Les contemporains de Frédéric II furent plus justes envers lui qu’il ne l’était pour eux. Ils proclamèrent hautement la part qu’il avait prise à l’émancipation de l’Allemagne. Les critiques et les philosophes continuèrent l’œuvre que le guerrier diplomate avait commencée. La période qu’on a appelée du nom de Sturm und Drang, (…) est-ce autre chose qu’une guerre de Sept ans dans la littérature? Frédéric II avait suscité l’esprit qui allait remettre en question la supériorité littéraire des nations voisines; et, le jour où l’Allemagne se trouva dotée à son tour d’une littérature originale, on pardonna au grand roi d’avoir trop aimé Voltaire, parce qu’il avait été, à son insu et presque malgré lui, l’allié de Lessing et le précurseur de Goethe."

Notes
(1) Poésie et Vérité, livre VII.
(2) Lettre à Mme Denis, du 24 août. – Voltaire écrivait encore au marquis de Thibouville, le 24 octobre : « Je me trouve ici en France. On ne parle que notre langue. L’allemand est pour les soldats et les chevaux; il n’est nécessaire que pour la route. En qualité de bon patriote, je suis un peu flatté de ce petit hommage qu’on rend à notre patrie, à trois cents lieues de Paris. Je trouve des gens élevés à Koenigsberg qui savent mes vers par cœur. »

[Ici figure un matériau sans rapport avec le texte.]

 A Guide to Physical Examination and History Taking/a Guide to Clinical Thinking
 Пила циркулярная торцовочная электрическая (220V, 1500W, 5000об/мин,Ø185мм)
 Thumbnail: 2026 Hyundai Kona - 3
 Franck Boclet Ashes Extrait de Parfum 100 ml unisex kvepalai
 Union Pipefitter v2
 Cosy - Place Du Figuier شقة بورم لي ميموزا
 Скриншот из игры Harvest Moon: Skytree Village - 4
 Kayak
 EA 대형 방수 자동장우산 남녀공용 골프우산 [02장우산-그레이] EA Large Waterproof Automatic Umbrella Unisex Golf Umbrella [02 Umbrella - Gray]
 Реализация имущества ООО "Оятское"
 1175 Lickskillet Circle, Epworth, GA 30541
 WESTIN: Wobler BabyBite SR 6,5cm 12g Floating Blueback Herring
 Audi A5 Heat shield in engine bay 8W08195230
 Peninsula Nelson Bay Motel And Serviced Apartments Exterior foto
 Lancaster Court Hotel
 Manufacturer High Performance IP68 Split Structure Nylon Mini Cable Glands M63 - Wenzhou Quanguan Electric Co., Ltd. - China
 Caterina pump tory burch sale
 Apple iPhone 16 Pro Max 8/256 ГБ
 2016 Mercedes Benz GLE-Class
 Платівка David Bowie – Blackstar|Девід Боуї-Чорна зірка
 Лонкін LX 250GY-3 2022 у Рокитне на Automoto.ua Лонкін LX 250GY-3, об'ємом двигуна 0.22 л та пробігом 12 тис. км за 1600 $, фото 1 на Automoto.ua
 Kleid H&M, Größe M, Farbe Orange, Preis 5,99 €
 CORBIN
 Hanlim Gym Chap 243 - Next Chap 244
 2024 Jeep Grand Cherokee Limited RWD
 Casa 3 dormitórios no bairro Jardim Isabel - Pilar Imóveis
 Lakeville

(3) Dissertation sur la langue allemande, les défauts qu’on peut lui reprocher, les causes de ces défauts et les moyens de les corriger; 1780. – Nouvelle édition par L. Geiger; Heilbronn, 1883. – On trouvera mentionnés dans l’introduction de Geiger les principaux écrits suscités par la dissertation de Frédéric. Goethe lui-même avait composé un dialogue, qu’il ne fit pas imprimer, et qui semble perdu.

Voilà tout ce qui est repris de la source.